谈谈方法:语言的枷锁与理性的河流

上篇:固定的语言,囚禁的思维 人类文明的一个根本悖论在于:我们用以思考的工具——语言——本身却可能成为思考的障碍。当我们习惯于用既定的词汇、概念和语法结构来把握世界时,语言的固定性便悄然地为理性活动划定了边界,甚至塑造了我们对理性本身的误解。海德格尔说,“语言是存在之家”——这句话的另一面,是存在也受制于语言所搭建的房间格局。 语言固定性的第一层表现,是概念的僵化。每一个词汇都承载着历史的沉淀,携带着前人经验的结晶。当我们说"正义"、“美”、“真理"这些词时,我们不仅仅在使用符号,更是在继承一整套既定的理解框架。这种继承本无可厚非,问题在于:我们往往将这些概念视为永恒不变的实体,仿佛它们具有某种超历史的固定内涵。 这种概念的固化,导致了对理性的第一重误解——认为理性追求的是对固定真理的发现。在这种观念中,理性被视为一种工具,其任务是通过形而上学的方法揭示隐藏在现象背后的永恒法则。哲学家们世世代代争论着"善"的本质、“美"的标准,仿佛这些问题都有一个终极的、不变的答案等待被发现。 然而,这种理解忽视了一个根本事实:理性本身就是一个历史性的、流动的过程。真正的理性活动并不是对既定概念的确认,而是对它们的不断质疑与超越。苏格拉底说"我知道我不知道”,展示的恰恰是理性的真正品质——不是固守现有的知识,而是保持开放与质疑的态度。牛顿的经典力学在十七世纪被视为理性与科学的典范,到了二十世纪,它不过成为相对论框架下一个有限的被包含项。所谓"终极的理性成果”,往往只是下一次超越的起跑线。 语言固定性的第二层表现,是语法结构对思维方式的制约。主谓宾的结构让我们习惯于寻找行动者与被作用者,因果关系的表达方式让我们倾向于线性的思维模式。这些语言结构虽然为交流提供了便利,却也可能限制我们对世界的理解方式。有学者指出,日语语境中主语的频繁缺位,使得其思维范式更倾向于一种"关系的场域",而非西方哲学传统中那种孤立、明确的主体性存在。当"我"在语言中隐去,关于"主体"的焦虑与责任,也随之在思维中变得模糊。 更深层的问题在于,我们往往将语言的这种结构性特征误认为是理性本身的特征——以为逻辑必须遵循某种固定的形式,推理必须按照既定的规则进行。如此一来,原本应该是工具的语言反而成了主宰,原本应该是创造性活动的理性,却被降格为对既定规则的机械应用。 下篇:固定性的双刃剑——传承与束缚的辩证统一 然而,如果仅仅停留在对语言固定性的批判上,我们便陷入了另一种片面性。
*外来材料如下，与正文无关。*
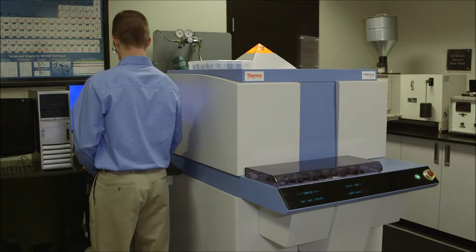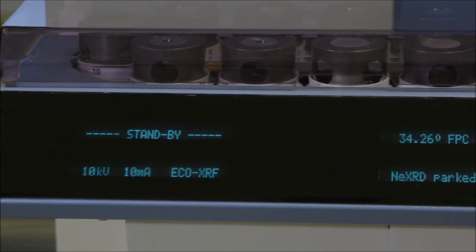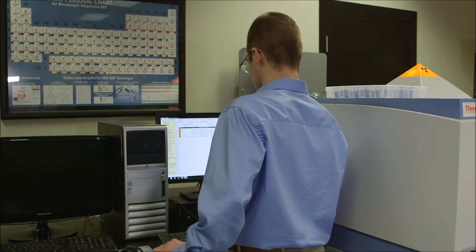X-ray fluorescence, also known as XRF, is an important method used to characterize the bulk chemical composition of components. We can use our ThermoScientific ARL 9900 to perform this analysis on steels, carbide materials, and salts. We can prepare a sample in powder form or in solid form and put it into our machine.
事实上,语言的固定性对人类文明而言既是束缚,也是必要的基础。离开了这种相对的稳定性,理性活动将失去起点和依托。 首先,语言的固定性是文明得以传承的根本条件。正是因为概念具有相对稳定的内涵,我们才能够理解古人的思想,才能够在前人的基础上继续思考。如果每个人都要重新定义所有概念,知识的积累和文明的发展便成了不可能。柏拉图的"理念"、亚里士多德的"实体"、康德的"先验",这些概念虽然在不同时代有着不同的解释,但正是它们的相对稳定性,使得哲学史成为一个连贯的对话过程,而非各说各话的噪音。 其次,语言的固定性为理性的创新提供了必要的起点。真正的创新并不是凭空产生的,而是对既有框架的超越。没有既有的概念体系,就没有超越的对象;没有固定的语言结构,就没有突破的目标。正如艺术家需要在掌握传统技法的基础上才能进行创新,思想家也需要在充分理解既有概念的前提下才能提出新的见解。 从诠释学的角度看,一个思想者的伟大洞见,在被诉诸笔端、凝固为语言的那一刻起,便已经历了某种程度的"失真",甚至与原创者的本意相去甚远。然而,我们依然必须拥抱这些被固定下来的、残缺的理论,原因根植于人作为存在者的根本局限——个体的生命时间是有限的,若无前人智慧的引路,单凭一人之力去摸索"洞穴之喻"式的真理,或许就要耗费一生。因此,前人的作品虽有瑕疵,却构成了一个思想的"跳台":它们替我们完成了初步理论积累的繁琐重任,使我们得以站在历史的肩膀上,跳过漫长的摸索期,从而实现比前人更进一步的超越。 更重要的是,语言的固定性与理性的流动性之间,存在着深刻的辩证关系。理性的本质确实在于质疑和超越,但这种质疑必须有所指向,这种超越必须有所依据。当我们质疑传统概念时,我们实际上是在与历史对话;当我们超越既有框架时,我们实际上是在承认其存在的价值和意义。 因此,理性的流动性并不意味着对一切固定性的简单否定,而是意味着在继承中发展,在稳定中求变。真正的哲学思考既不是对传统的盲从,也不是对传统的简单拒斥,而是在深入理解传统的基础上,发现其内在的矛盾和局限,进而提出新的可能性。 从这个角度看,语言的固定性实际上是理性活动的催化剂。正是因为语言结构的相对僵化,才激发了思想家们寻找新的表达方式的冲动;正是因为概念内涵的相对固定,才促使哲学家们不断地重新阐释和拓展其意义。尼采的"重估一切价值"、维特根斯坦的"语言游戏"、德里达的"解构",这些革命性的思想,无不是在与传统语言的张力中产生的。 最终,我们需要认识到:人类的理性活动,就是在固定与流动、继承与创新的辩证运动中展开的。语言的固定性不是理性的敌人,而是理性得以展现其创造力的舞台。理性的任务不是要消灭所有的固定性,而是在承认其必要性的前提下,保持对它的警醒与超越。 真正的智慧,或许就在于:既不被语言的固定性所束缚,也不因理性的流动性而迷失方向。在稳定中求变,在变化中求稳,在继承中创新,在创新中传承——这,或许就是人类理性活动的永恒主题。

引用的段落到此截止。